Let $X,Y$ be Polish spaces and $\mathcal P(X)$ the space of all Borel probability measures on $X$.

• Fix $\mu\in \mathcal P(X), \nu \in \mathcal P(Y)$. Let $\pi \in \Pi(\mu, \nu)$, i.e., $\pi \in \mathcal P(X \times Y)$ whose marginal on $X$ is $\mu$ and that on $Y$ is $\nu$.
• Let $c:X \times Y \to [0, \infty)$ and $\psi:X \to \mathbb R \cup\{-\infty\}$ be measurable.

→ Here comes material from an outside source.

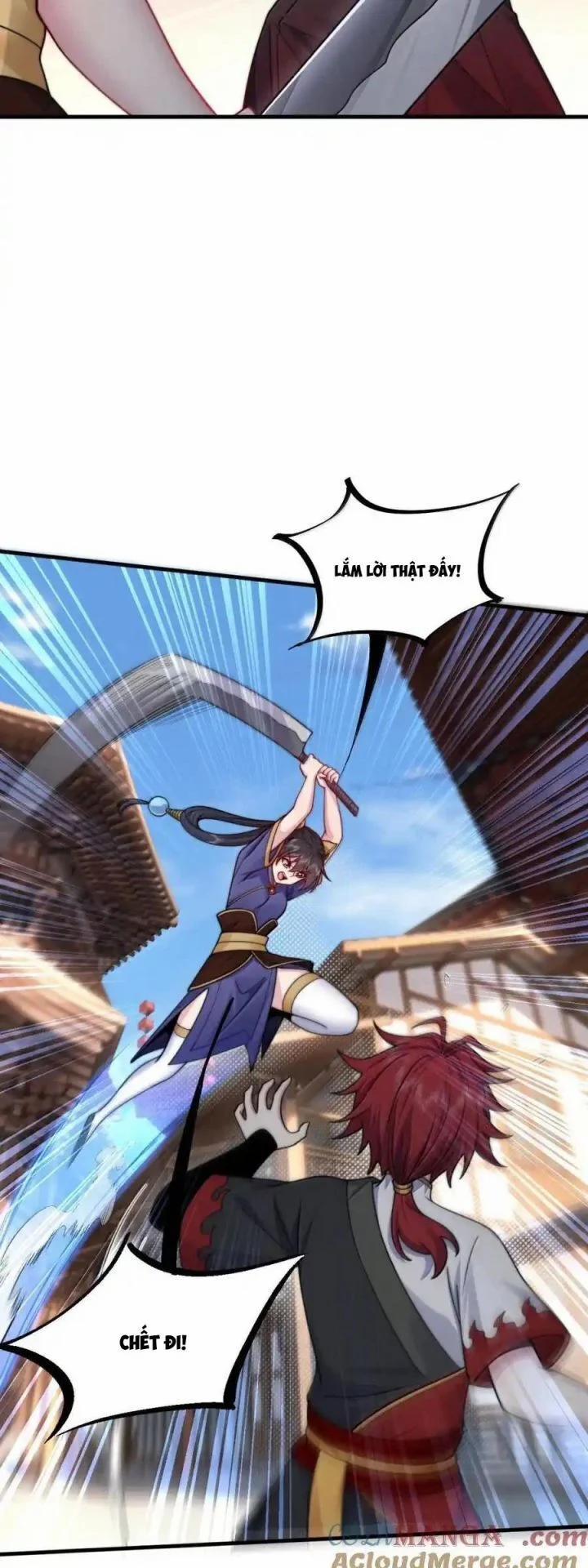 Vai Ác Sư Tôn Mang Theo Các Đồ Đệ Vô Địch Thiên Hạ 147 trang 14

Let $\phi:Y \to \mathbb R \cup\{-\infty\}$ which is not necessarily measurable.

We assume there is a $\sigma$-compact subset $S$ of $X \times Y$ such that

• $\pi (S) = 1$,
• $\psi (x), \phi (y) \neq -\infty$, and
• $\phi (y) - \psi (x) = c(x, y)$ for all $(x, y) \in S$.

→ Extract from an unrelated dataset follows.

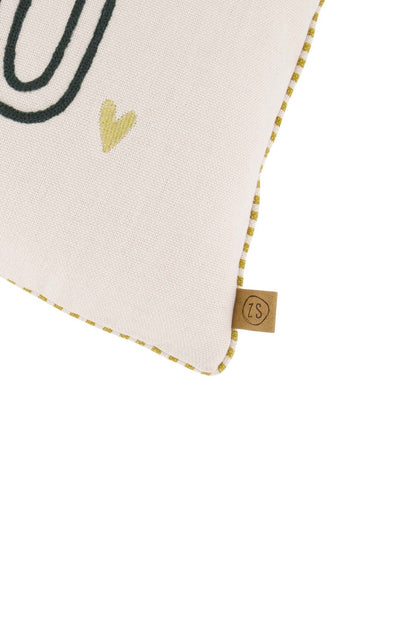 Zusss | Kussen Love like adore 60x30cm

At page 84 of Villani's Optimal Transport: Old and New, the author constructs a measurable $\widetilde \phi: Y \to \mathbb R \cup \{\pm\infty\}$ such that $\widetilde \phi (y) = \phi (y)$ for $\nu$-a.e. $y\in Y$ as follows.

The measurability of $\phi$ is subtle also, and at the present level of generality it is not clear that this function is really Borel measurable. However, it can be modified on a $\nu$-negligible set so as to become measurable. Indeed, $\phi(y)-\psi(x)=c(x, y), \pi(d x d y)$-almost surely, so if one disintegrates $\pi(d x d y)$ as $\pi(d x | y) \nu(d y)$, then $\phi(y)$ will coincide, $\nu(d y)$-almost surely, with the Borel function $\widetilde{\phi}(y) :=$ $\int_{\mathcal{X}}[\psi(x)+c(x, y)] \pi(d x | y)$.

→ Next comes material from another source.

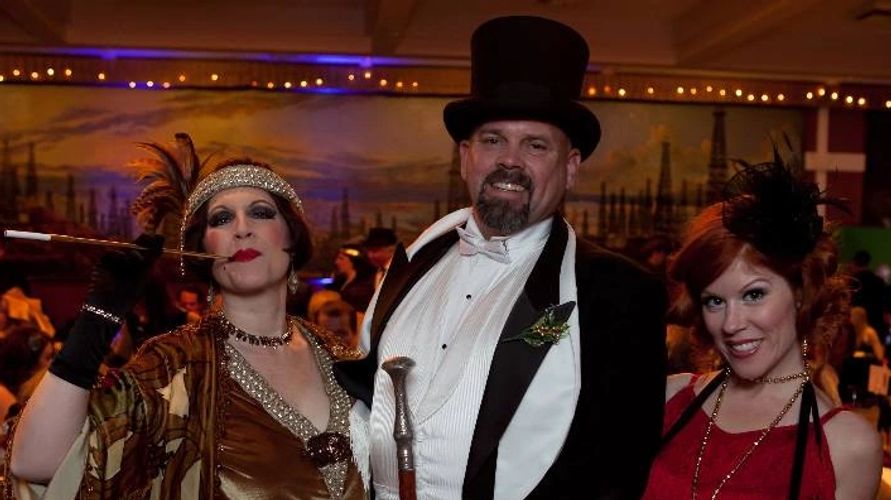 Artistry Matters Character Event Orange County Murder Mystery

I understand how the disintegration theorem leads to the family $\{\pi(d x | y) : y \in Y\}$. Let $f(x, y) := c(x, y) - \varphi (x)$. Then $f$ is measurable and finite on $S$. I think the author uses claim 1. of this version of disintegration theorem to show that

• $\widetilde{\phi}(y)$ is well-defined, and
• $\widetilde{\phi}$ is measurable.

IMHO, disintegration theorem only applies to extended non-negative measurable and bounded measurable functions. We don't know if $f$ satisfies either conditions.

Could you elaborate on how the construction of $\widetilde{\phi}$ makes sense? Thank you so much.